• _What to do_: Return the data below exactly as given, except for the images.

• _Data provided_:
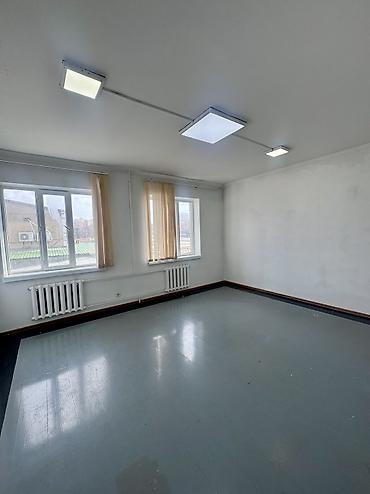 Аренда офисов: Аренда офисов, 250 м², В частном доме, 1 линия — 7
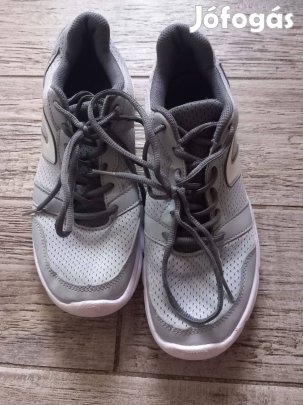 Decathlonos sport cipő 40 méret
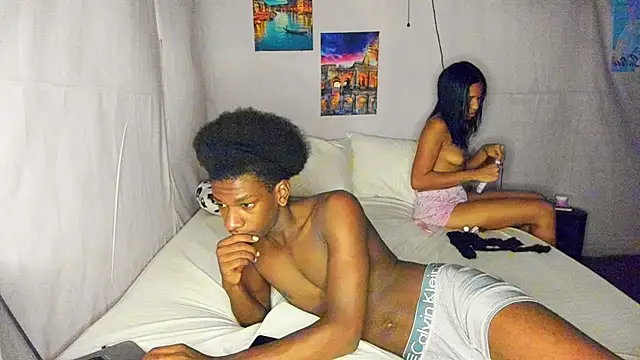 Snapshot of SpicyLolaX_NightDrip chatting on September 23, 2025, 4:37 am SpicyLolaX NightDrip online show from September 23, 2025, 4:37 am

• _Reply_:
 Аренда офисов: Аренда офисов, 250 м², В частном доме, 1 линия — 7
 Decathlonos sport cipő 40 méret
 Snapshot of SpicyLolaX_NightDrip chatting on September 23, 2025, 4:37 am SpicyLolaX NightDrip online show from September 23, 2025, 4:37 am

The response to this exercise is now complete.